La evaluación como punto de reflexión es posibilidad de revisar y mejorar continuamente las prácticas de una asignatura. Sea desde la perspectiva de formación de competencias, desde la neuropedagogía o desde las pedagogías críticas, es fundamental darse cuenta de lo que ocurre con la evaluación en lo cotidiano. Esto exige, como se expuso al comienzo del capítulo, una mirada investigativa de lo realizado y lo que se proyecta.

A manera de síntesis

Las prácticas docentes están vinculadas directamente con las funciones intrínsecas de la Universidad: docencia, investigación y extensión. La docencia, expresada en las acciones de cada docente en las asignaturas, tiene profunda relación con la extensión y la investigación. La primera, privilegiando la relación Universidad-contexto, y la segunda, como proceso de construcción y actualización de los conocimientos disciplinares que el docente enseña. Además, la investigación puede emplearse para facilitar la reflexión pedagógica de los procesos de la asignatura, haciendo cada vez más pertinente la formación profesional según los propósitos de cada programa académico.

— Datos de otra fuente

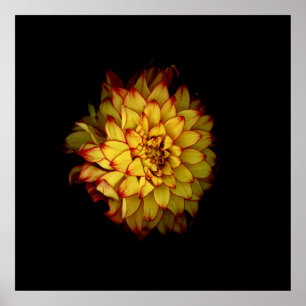Feuriges Goldenes Dahlien-Blumenposter Poster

Desde esta perspectiva, la investigación acción educativa traza principios y metodologías propias de la pedagogía para mejorar las prácticas cotidianas. Básicamente, es un proceso de reflexión-acción orientado a lo que ocurre en las clases. Teniendo en cuenta este método, se destacaron tres ideas o aspectos claves de las prácticas docentes, a partir de las cuales puede propiciarse la reflexión-acción por parte de los docentes y los programas: aula, poder y evaluación. Teniendo en cuenta que no se trata de recomendaciones de rápida aplicación, sino puntos de partida o sugerencias de desarrollo reflexivo de las prácticas, es importante considerar que los procesos educativos evidencian su desarrollo en medianos y largos plazos, por lo cual también se hace necesario pensar las prácticas con el otro y con los otros. El otro como colegas y estudiantes, participantes cercanos del cotidiano, y los otros como el trascurso institucionalizante que gestione las estructuras y largos plazos de los ajustes y reajustes necesarios que los docentes acuerdan continuamente.